§ What the task asks
Return all of the lines below exactly as they are.

§ Given data
Content starts

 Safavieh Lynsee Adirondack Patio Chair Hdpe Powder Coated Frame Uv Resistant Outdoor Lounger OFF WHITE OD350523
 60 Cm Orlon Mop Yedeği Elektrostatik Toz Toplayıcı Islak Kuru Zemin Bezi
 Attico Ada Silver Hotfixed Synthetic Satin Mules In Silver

Content ends

§ Solution below
 Safavieh Lynsee Adirondack Patio Chair Hdpe Powder Coated Frame Uv Resistant Outdoor Lounger OFF WHITE OD350523
 60 Cm Orlon Mop Yedeği Elektrostatik Toz Toplayıcı Islak Kuru Zemin Bezi
 Attico Ada Silver Hotfixed Synthetic Satin Mules In Silver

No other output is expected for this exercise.